Nesting has no limits as the below picture shows.

drawing

Installation

Make sure you have the devtools package installed, start an R session and then type:

devtools::install_github("lgessl/patroklos")

Quick start

There are four R6 classes a user of patroklos needs to know about: Data, Model, AssScalar and Ass2d. To understand how they work together over the course of the pipeline and how to use patroklos for your project, you should read their documentation in the same order.

As for preprocessing, you might be interested in

  • [discretize_tbl_columns()] to turn continuous features in your pheno data into binary ones by thresholding them,
  • [ensure_patients_math()] to ensure expression and pheno data contain exactly the same samples,
  • [qc_preprocess()] to make sure the readily preprocessed data is in the format patroklos expects, and
  • [write_data_info()] to store meta information on the data set in .json file.

prepend_to_directory() helps you use Models you only initialized once to you for multiple data sets.

Using your own models

To fit into the pipeline, models and their related functions must meet certain requirements. Typically in R, training and assessing a model involves

  • a function that fits the model to training data, optionally tunes hyperparameters in a cross validation, e.g., and returns
  • an S3 object representing the fit. Often this object holds some kind of validated predictions like those from a cross validation or out-of-bag predictions in the case of a random forest. This S3 object has a
  • predict() method that predicts on new data.

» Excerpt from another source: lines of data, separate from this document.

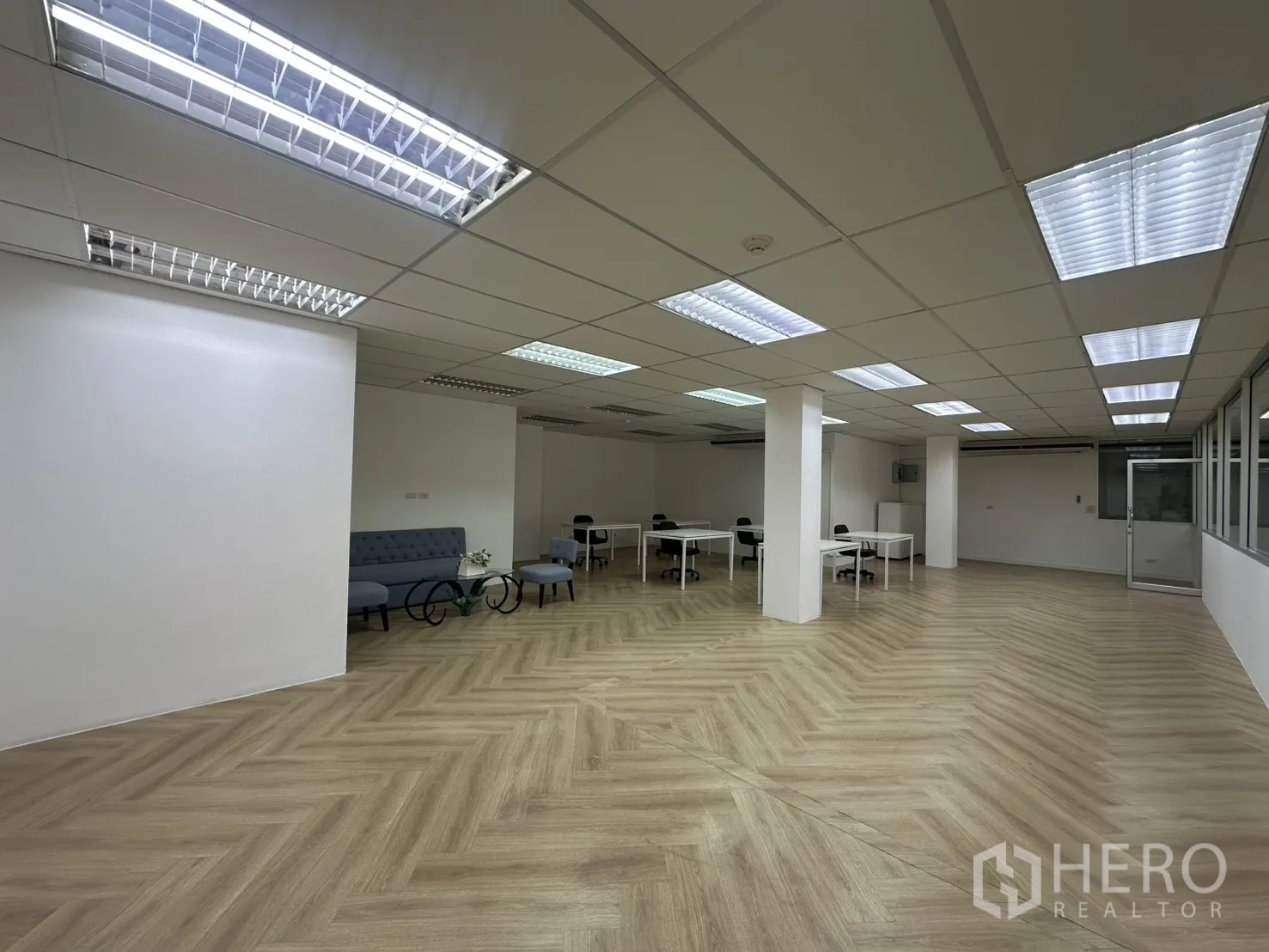 ออฟฟิศ for rent in Pathum Wan, Bangkok - มุมมองพื้นที่ทำงานโล่งพร้อมโซฟา โต๊ะกลาง เสากลางห้อง และไฟฟลูออเรสเซนต์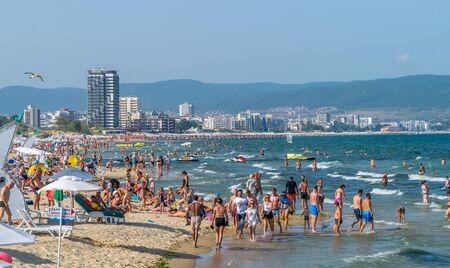 SUNNY BEACH, BULGARIA - 2 SEP 2018: People in the sea at Sunny Beach resort on a sunny day in Bulgaria s Black Sea coast known for its water sports, sand dunes, and nightlife.のeditorial素材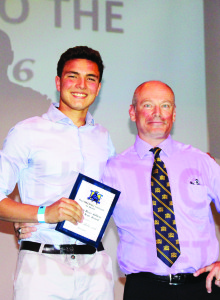 Dave Kurzinger presented John Milkovich with the award as Junior Boys' Athlete of the year.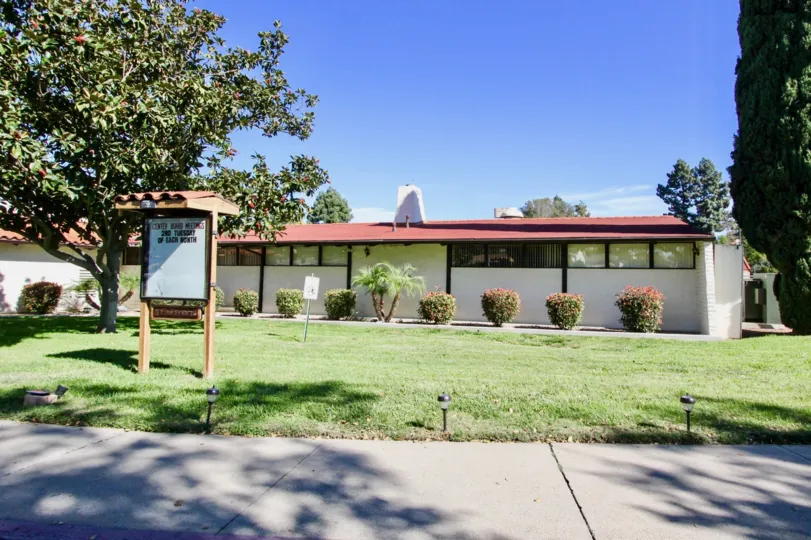 On a sunny day, A villa in Seven Oaks has grasslands, trees, and bushes with notice board
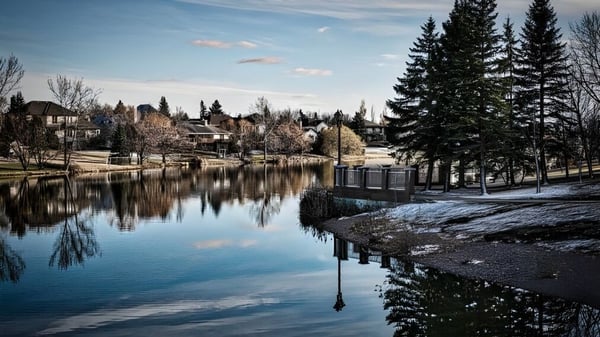 Un tranquilo lago invernal refleja los edificios y árboles en el terreno del Collège Pierre-Elliott-Trudeau.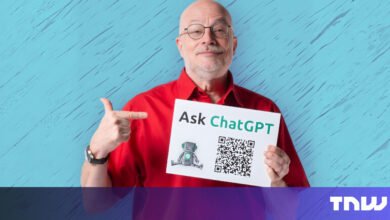 Man holds 'Ask ChatGPT' sign with QR code, pointing at it.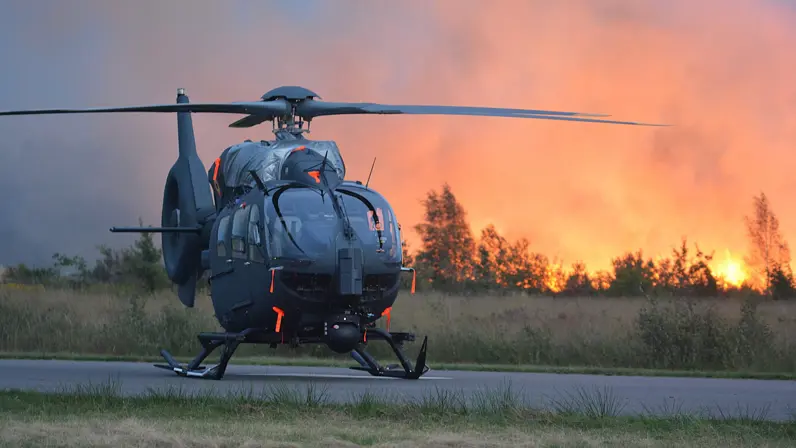 Een helikopter staat op een betonnen baan. Op de achtergrond staat het bos in de brand.    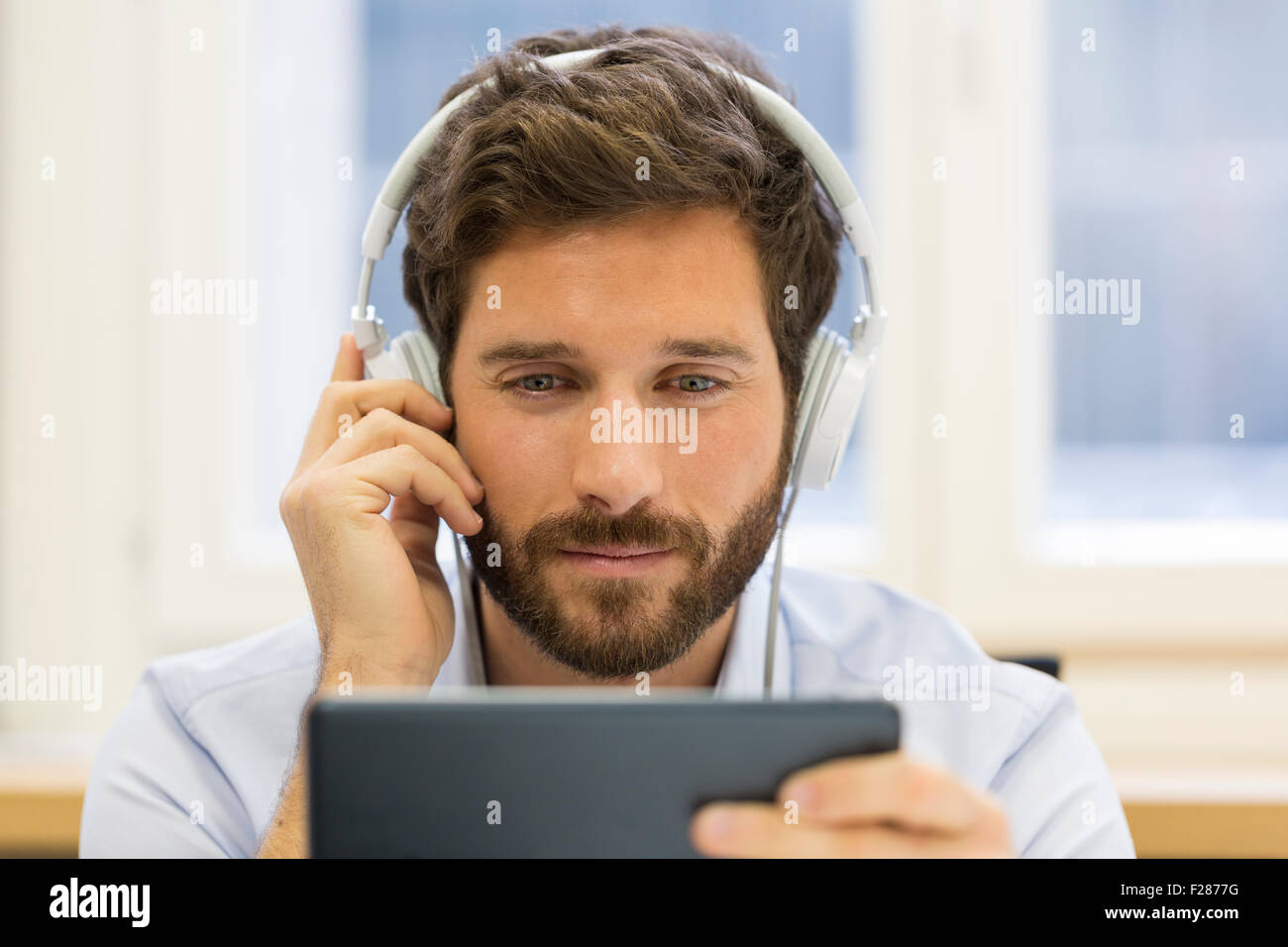 Empresario creativo escuchando auriculares y utilizando tablet digital. Foto de stock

We will refer to them as fitter, fit object and predict method in the following.

For many packages, these three components already fulfill the expectations patroklos has or you can at least use part of patroklos's functionality with them. To be able to access patroklos's full power for a model, you may need to wrap the fitter and the predict method and to modify the fit object to make them patroklos-compatible. There are multiple definitions of patroklos-compatibility we will elaborate on below.

patroklos-compliant predict method

A patroklos-compliant predict method declares three parameters,

  • object: the fit object,
  • newx: prediction data as a named numeric matrix, samples correspond to named rows, features to named columns, and
  • ...: additional parameters (often passed on to the wrapped predict method).

It returns a named numeric vector of predictions from newx.

patroklos-compliant fitter

A patroklos-compliant fitter declares three parameters,

  • x: training data as a named numeric matrix, samples correspond to named rows, features to named columns. It has an attribute li_var_suffix, i.e. columns in x with the suffix li_var_suffix are designated for late integration and the fitter may use this information.
  • y: binary response as a named numeric vector. Its names must match the row names of x.
  • ...: additional parameters (often passed on to the wrapped fitter).

It returns an S3 object with a patroklos-compliant predict method.

patroklos-compliant fitter with validated predictions

A patroklos-compliant fitter with validated predictions is a patroklos-compliant fitter whose S3 return value has an attribute val_predict, a numeric vector holding some form of validated predictions. "Validated predictions are predictions made on independent data like cross-validated (CV) predictions or out-of-bag (OOB) predictions in the case of random forests.

patroklos-compliant fitter with CV tuning

A patroklos-compliant fitter with cross-validation tuning is a patroklos-compliant fitter whose return value has the attributes

  • val_predict_list: list of numeric vectors holding cross-validated predictions for every hyperparameter $\lambda$,
  • lambda: numeric or character vector of the hyperparameters $\lambda$.

While a patroklos-compliant fitter with validated predictions only performs a cross validation for one combination of hyperparameters, a patroklos-compliant fitter with CV tuning performs a cross validation for multiple values of a hyperparameter $\lambda$ (which may be a tuple, not just a scalar). The embraced word "scalar" is a clear constraint here and it may be worth relaxing the definition from a search line to a search grid for hyperparameters in the future (which of course involves modifying those functions requiring a patroklos-compliant fitter with CV tuning).